As for percentages, the energy industry, which falls to DBERR, is responsible for more than 37 per cent. of carbon emissions. Road transport alone, which falls to the Department for Transport, accounts for more than 21 per cent., and other industries, which presumably include aviation, shipping and others, account for almost 18 per cent. and fall partly to the DBERR and partly to DEFRA. Residential households produce 15 per cent., and the hon. Member for Cheltenham has said that agriculture, farming and waste management constitute the small amount for which DEFRA is responsible. I am not convinced by the Minister’s argument, although I welcome his assurances that he wants to give more certainty to households and businesses.

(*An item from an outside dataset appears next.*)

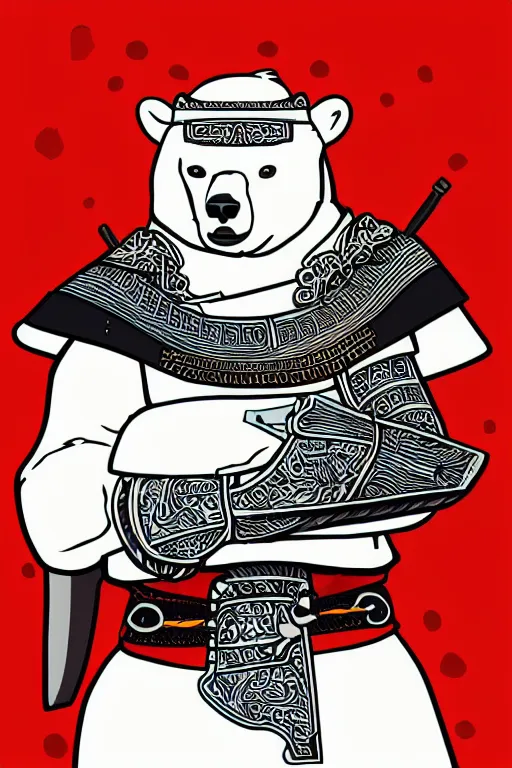 Image similar to Portrait of a polar bear as a samurai, knight, medieval, sticker, colorful, illustration, highly detailed, simple, smooth and clean vector curves, no jagged lines, vector art, smooth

Mention has been made of the Department’s clout and responsibilities. My right hon. Friend the Member for Suffolk, Coastal referred to the Conservative party’s quality of life policy group and proposals for beefing up the Department, and I believe that his point was much more convincing. How does the Minister respond to that?
Clearly, the Prime Minister should be responsible for reporting to Parliament on the matters before us. Page 18 of the Government’s final impact assessment states:
“Overall costs can be minimised by setting the right policies in place to incentivise the most cost-effective methods of mitigation.”
Surely, that should be a role for the Prime Minister, not individual Secretaries of State—albeit through the Secretary of State with responsibility for the environment.
Paragraph 2.3.10 on page 19 of the impact assessment states:
“The choice of policy instrument is also likely to have a significant distributional effect: regulation, market mechanisms or fiscal measures will have divergent distributional impacts.”
That assessment goes on to argue that businesses and households are looking for continuity and determination in the Government’s policy from the outset. However, in moving the amendment, I did not hear from the Minister why he believes that a Secretary of State is better placed to fulfil that responsibility. Under the Intelligence Services Act 1994, which was passed by a Conservative Government, the Prime Minister has duties similar to those before us today and must report on national security. The hon. Member for Cheltenham gave a similar example, but there are also less obscure ones. For example, let us bear in mind that a previous chief scientific adviser has said that climate change is the greatest threat facing this country.
On Second Reading, my hon. Friend the Member for East Surrey (Mr. Ainsworth) stated:
“The real test of the Bill will be whether it changes the mindset in Whitehall and Westminster to ensure that respect for the environment truly finds a place at the heart of policy making and Government practice.”—[Official Report, 9 June 2008; Vol. 477, c. 56.]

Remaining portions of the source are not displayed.